An SEO company should not focus its efforts specifically on converting site visits into sales. This may seem counterintuitive, but the fact is that modern search engine optimization needs to be driven by content that is informative and relevant to people conducting organic searches.

This isn’t to say that conversions shouldn’t be the goal. Of course the central reason for hiring an SEO company is to makes sales. But that goal ought to be relegated to the long term. By focusing too much on the endgame, you risk distracting from the process. And that can actually end up making your site less visible.

Narrow short term goals are the tactics an SEO company uses to build a broader long-term strategy. And many of those goals entail creating the sorts of information content that provides effective answers to common search queries. Those queries may not lead directly to sales, but they don’t have to. They only need to guide the right audience to your site.

Well-constructed informational web content helps your site to develop a reputation as an authority on topics that are relevant to your industry or field. Ideally, it prompts visitors to re-visit the site or keep it in their bookmarks, or at least recognize it as being worth the click when it comes up in other searches.

Authoritativeness is a feature that search engines are able to measure rather effectively these days. Therefore, an SEO company needs to be able to produce that characteristic in a client site. It’s really the only sure-fire way to rise to the top of the search rankings and create the organic traffic that is often the first step toward increased sales.

What you need to keep in mind is that it’s comparatively rare for visitors to arrive at your site because they are specifically using a search engine to find something to buy. They may be looking for information related to an intended purchase. They may even be comparison shopping. But actual purchases usually come only after an organic process of acquiring information.

There are rare exceptions, of course. And an SEO company should be prepared to direct people straight to an order page when they enter the right search terms. But if too much effort is dedicated to these types of situations, you run the risk of throwing away all the potential conversions that you could obtain by directing people to your site for the sake of its information.

Sales copy convinces people to buy a product, but informational content convinces them to look for it in the first place. And just as important, it is only the latter kind of content that tends to generate third-party links. When your SEO company is able to show that your site is authoritative in its field without always going after the sale, other sites and unrelated social media accounts are a lot more likely to send potential customers your way.
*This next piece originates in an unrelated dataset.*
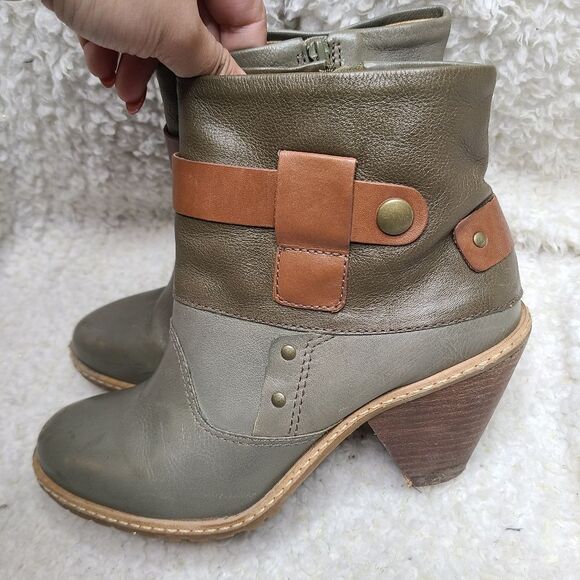Anthropologie Lucky‎ Penny Multi-color Leather Ankle Boots sz 8 - Picture 3 of 8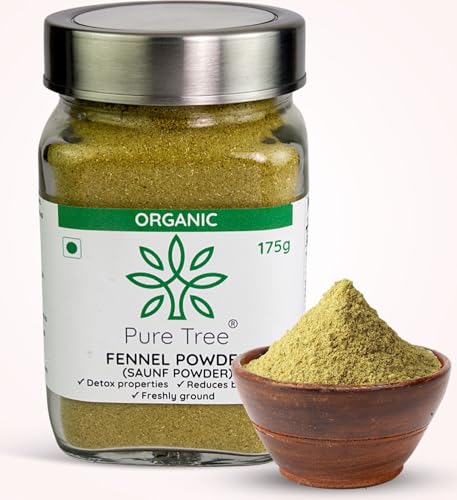Image of Pure Tree Certified Organic Saunf Powder | 175 g | Glass Jar | Fennel Seed Powder | Variyali, Sompu Powder | Gluten Free & Flavourful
No doubt, this is a major part of the reason why sites without informational pages tend to rapidly decline in the search rankings. Studies have shown that overall visibility can fall by around one third when such pages are removed from a preexisting site, even if they made up only a small portion of the content in the first place. Obviously, the decline in visibility also leads to a decline in sales. Yet the same studies confirm that conversions aren’t generally coming from the informational pages themselves.

With this in mind, it may be necessary for some site owners to re-frame their understanding of an SEO company as something that creates and overall structure to your site. While part of that structure is the place where sales are made, that place cannot exist if the site’s search rankings collapse on top of it.